• **TASK OBJECTIVE**:
Verbatim copy, pictures excluded: every line from the one with "Transvision Vamp リマスター" through the final line of the data below, and no other line.

• **MATERIAL SUPPLIED**:
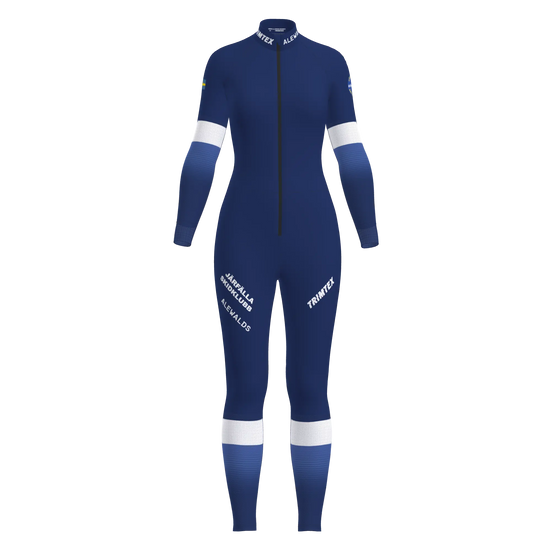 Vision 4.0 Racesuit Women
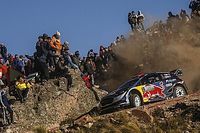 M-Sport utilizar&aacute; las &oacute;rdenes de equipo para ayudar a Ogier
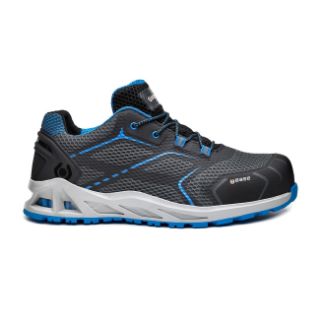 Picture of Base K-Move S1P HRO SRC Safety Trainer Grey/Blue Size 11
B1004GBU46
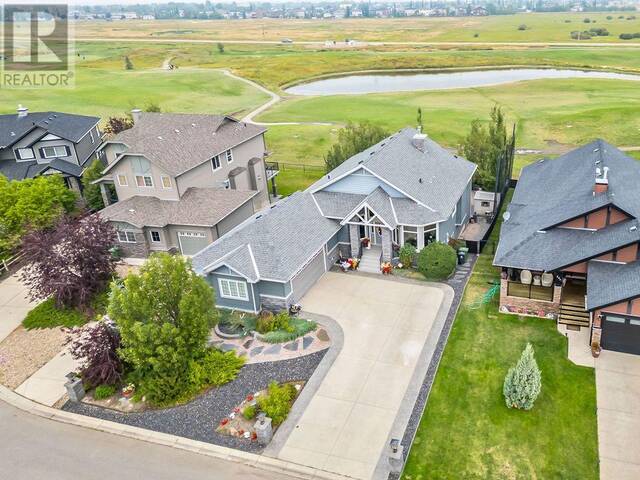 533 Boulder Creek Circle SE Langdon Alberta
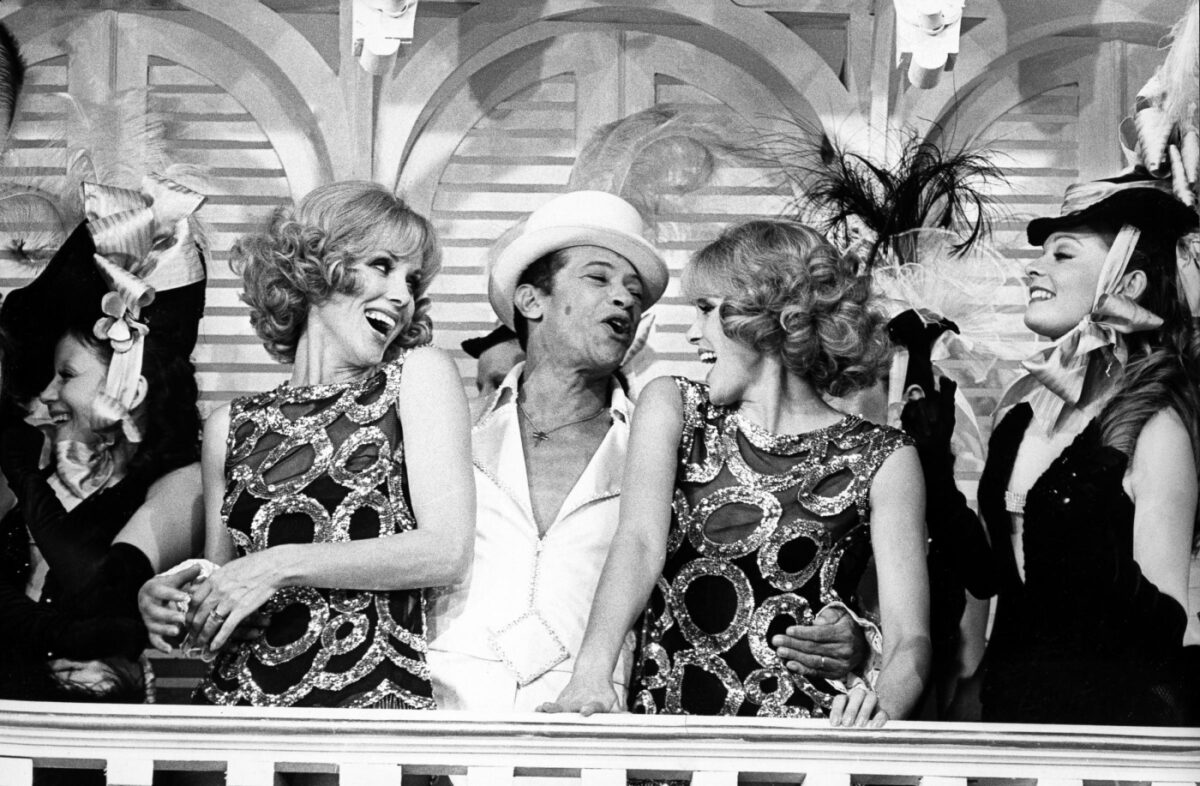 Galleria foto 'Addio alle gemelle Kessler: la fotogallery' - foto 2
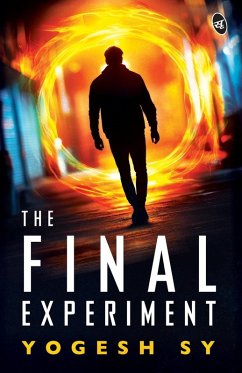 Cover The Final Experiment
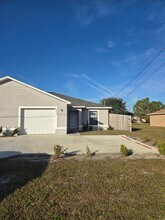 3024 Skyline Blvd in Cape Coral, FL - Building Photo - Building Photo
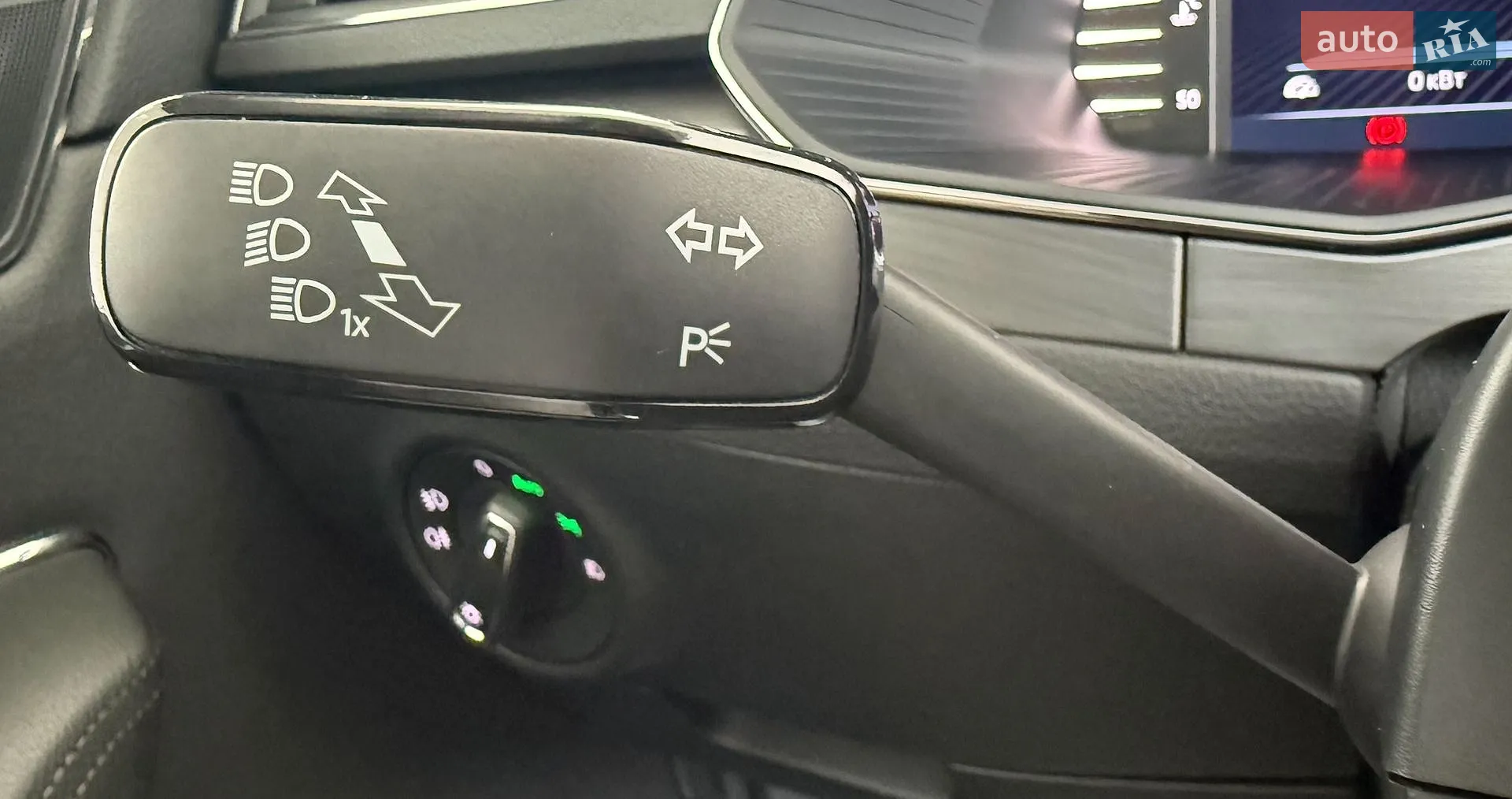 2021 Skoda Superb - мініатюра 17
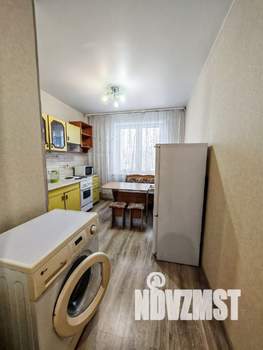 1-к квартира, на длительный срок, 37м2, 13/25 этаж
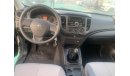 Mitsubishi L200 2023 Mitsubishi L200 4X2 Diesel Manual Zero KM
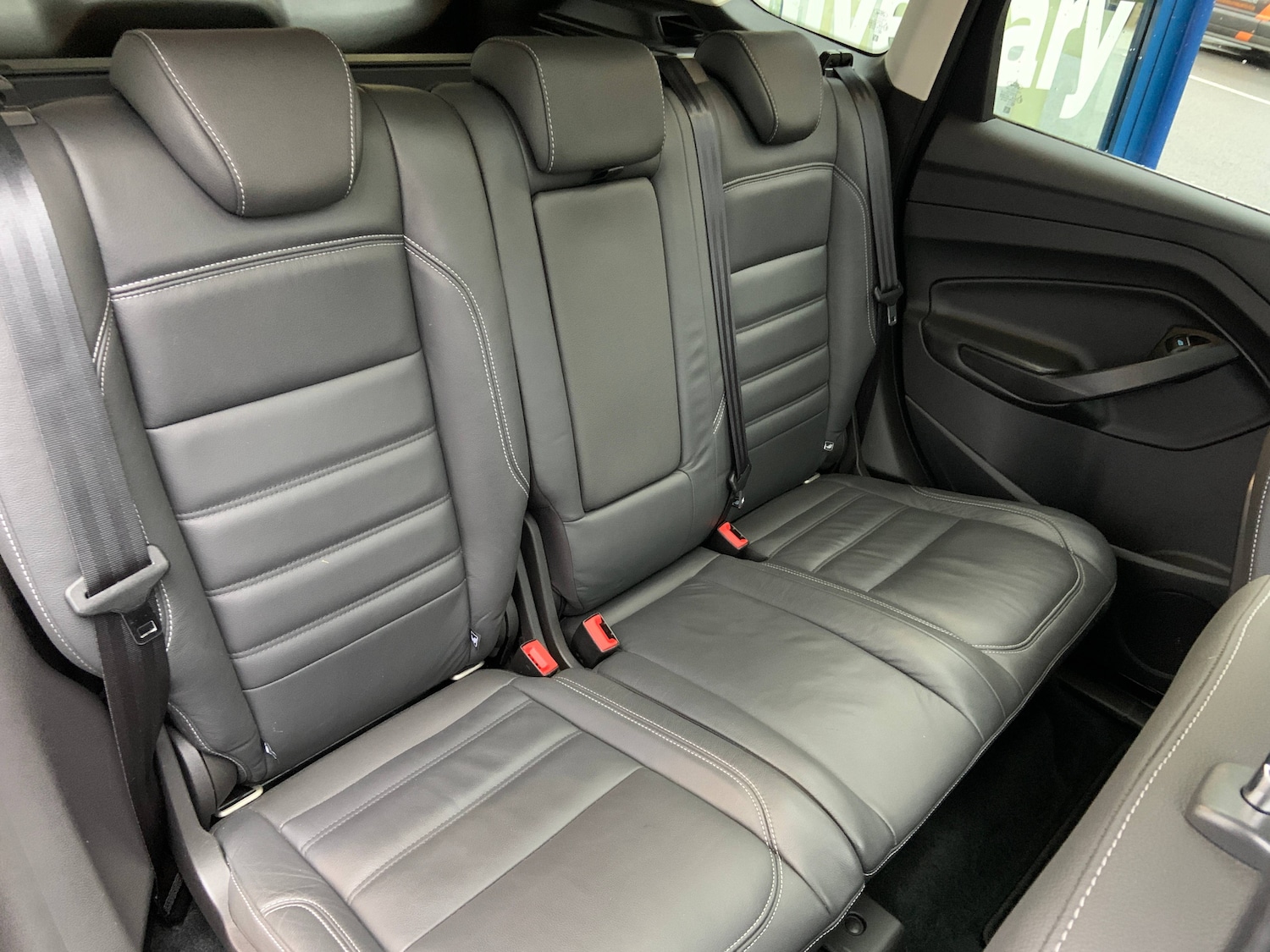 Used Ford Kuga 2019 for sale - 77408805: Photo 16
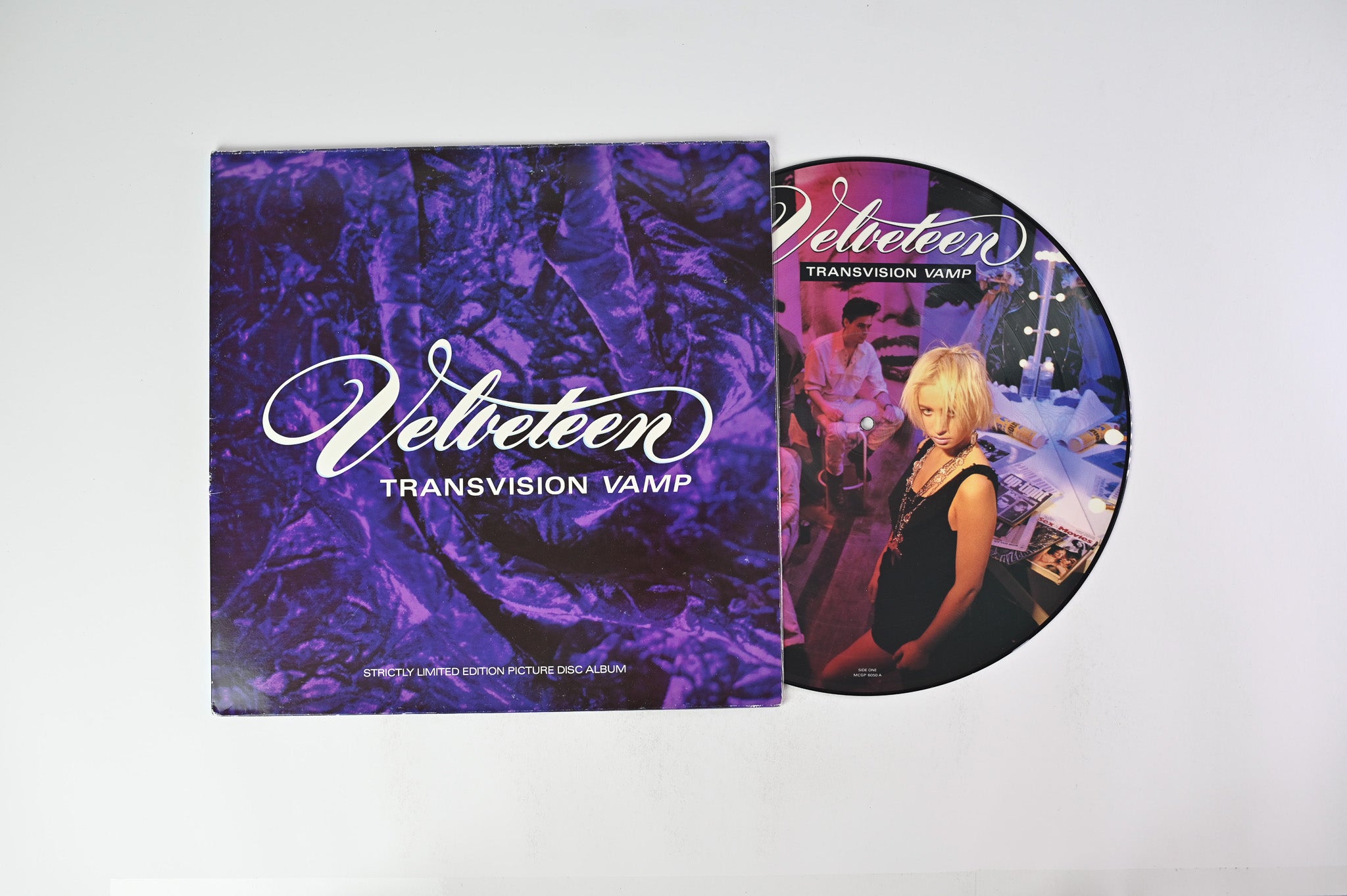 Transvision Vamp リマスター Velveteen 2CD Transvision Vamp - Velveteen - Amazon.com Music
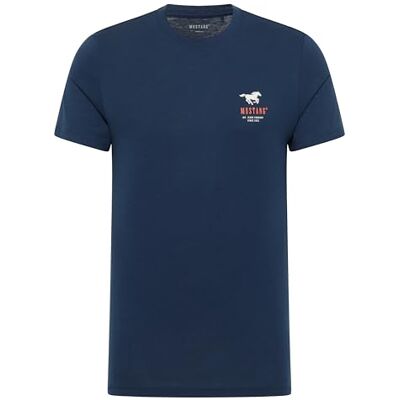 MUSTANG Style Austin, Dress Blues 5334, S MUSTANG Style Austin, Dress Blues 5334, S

• **RESULT OF THE TASK**:
 Transvision Vamp リマスター Velveteen 2CD Transvision Vamp - Velveteen - Amazon.com Music
 MUSTANG Style Austin, Dress Blues 5334, S MUSTANG Style Austin, Dress Blues 5334, S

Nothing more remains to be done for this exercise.